Twenty miles south of us is a mega-mall called Coconut Point with every store you've ever heard of---and quite a few you don't know. My wife and I drove there Saturday because I needed to go to the Apple Store to check out my iPod.

Last summer in England, I cleverly knocked a glass of red wine with my elbow and saturated my iPod. I desperately and immediately sopped ip up with paper towels. It played in a muted way briefly and then conked out. I rarely use it here since I have it on my computer, but I figured, if I were to use it in England this summer, I better see if it were salvageable or needed replacement, so to the Apple I went.

We walked into this chromium and glass palace, a high-tech heaven, where the first thing I noticed was that I was light years older than anyone else in the place. At least 75% were teenagers or younger. and most of the remaining 25% were probably their parents.

I blithely walked up to one of the blue t-shirted floor walkers and started to explain my problem. He politely cut me short and explained I had "to make an appointment" and took me to the back of a store where another attendant, who looked seventeen, registered me on his iPad and informed me it would be twenty minutes before anyone would be available to help me.

We looked around the store, laid out in a series of tables filled with laptops, iPads and iPods, chockablock with people and sales personnel, testing, playing and explaining the variety of wares. It became increasingly apparent that this relatively young company is a sellers market. How many products do you know that generate 20 billion ($20,000,000,000!!!) in sales their first year---but that is exactly what the iPad did! They are brilliant marketers, creating a mystique that they are a special world, and you are lucky to be able to partake of it.

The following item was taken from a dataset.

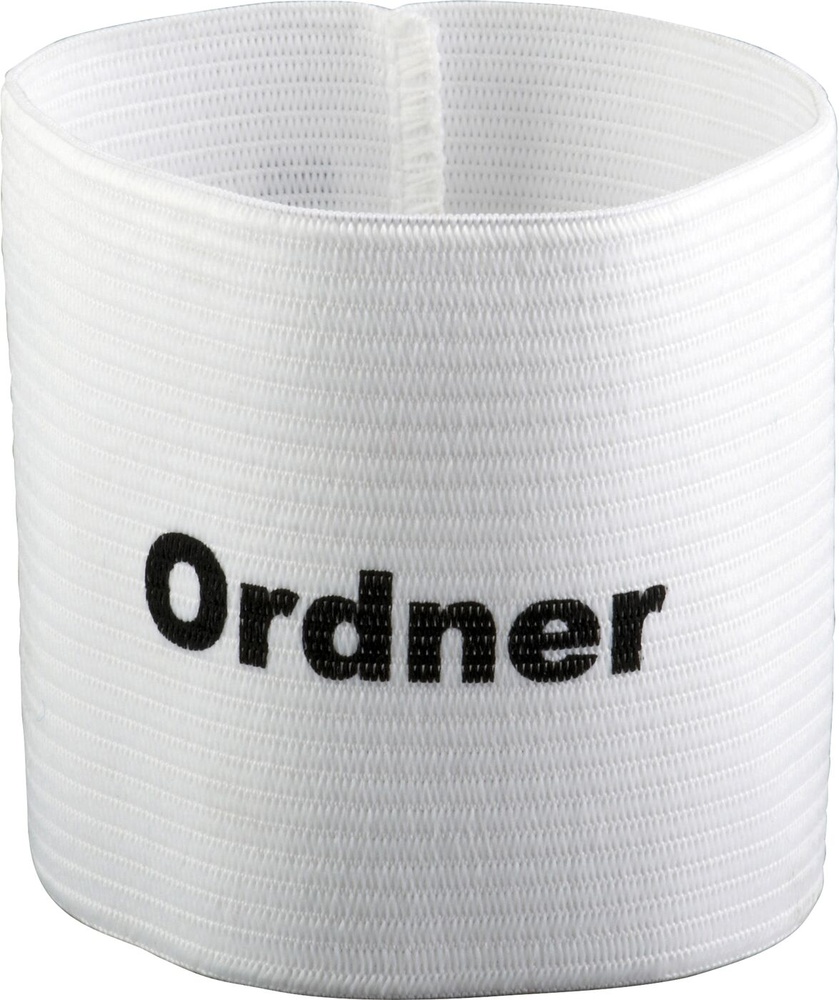 DerbystarOrdnerbinde872010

Within the twenty minutes, a sales rep came up to me. He in turn turned me over to another rep, who turned me over to another---a real double play. The first rep took care of my old iPod; the second sold me on the new iPod; the third explained it to my wife and me. I ended up with an iPod Nano and. by recycling my old red-wined iPod,got a very good deal on this new one. It is about 1 1/4" square, a quarter of the size of my previous iPod and has four times the capacity!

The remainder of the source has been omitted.